Maddi tazminat hususunda olduğu gibi, manevi tazminat davası da, boşanma davasından sonra ve hatta boşanma davası kesinleştikten sonra dahi açılabilir zira, madde metninde “eş” değil, “taraf” kelimesi geçmekte olup, boşanmadan sonra “eş” vasfının olmayacağı açıktır.
SONUÇ
Maddi ve manevi tazminat, birçok dava açısından akla gelebilecek bir kurumdur. Bir trafik kazası olayından, gazetede geçen bir haberde söylenen söze kadar birçok fiil, maddi ve manevi tazminata konu olabilir.
Biz bu makalemizde, sadece boşanma davası ile ilgili “maddi-manevi tazminat” hakkında kısaca bilgi vermiş bulunmaktayız.
Tabi ki boşanma davası ile ilgili maddi ve manevi tazminat konusunda, söylenecekler ve tartışılacak hususlar, bu kadarla sınırlı değildir. Ancak biz, konunun en temel manasında ne anlama geldiğini burada anlaşılması açısından, bu kadar açıklamanın yeterli olduğu kanaatindeyiz.
YÜKSEKKAYA LAW OFFICE olarak, bu kısa bilgilendirmeyi, faydalı olmasını temenni ederek kaleme almış olmakla, bir yandan da halk arasında oluşan yanlış ve hayali kanaatlerin önüne geçmeyi düşündüğümüzü açıkça belirtmek isteriz.

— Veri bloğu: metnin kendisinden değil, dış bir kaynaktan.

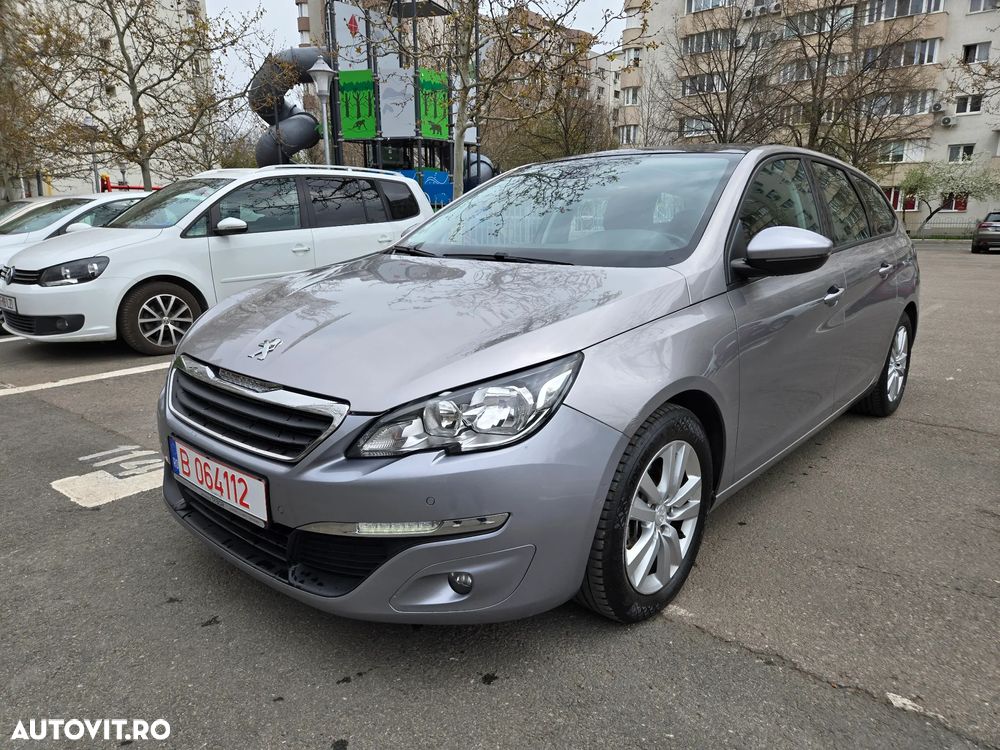 Peugeot 308 PureTech 130 Stop & Start GT-Line Edition - 1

[1] YHGK 2013/2-1689 E., 2015/1033 K., 13.03.2015 T.
[2] YHGK 2014/2-174 E., 2016/101 K., 27.01.2016 T.
[3] YHGK 2013/2-604 E., 2014/38 K., 22.01.2014 T.
[4] YHGK 2010/2-636 E., 2010/680 K., 22.12.2010 T.
[5] YHGK 2013/2-1156 E., 2014/753 K., 15.10.2014 T.
[6] YHGK 2011-2-822 E., 2012/146 K., 14.03.2012 T.
[7] YHGK 2011/4-601 E., 2012/2 K., 18.01.2012 T.
[8] Yargıtay 2 HD 2015/12243 E., 2016/3204 K., 23.02.2016 T.
[9] Yargıtay 2 HD 2015/12891 E., 2016/3100 K., 22.02.2016
[10] Yargıtay 2 HD 2015/12885 E., 2016/3160 K., 22.02.2016 T.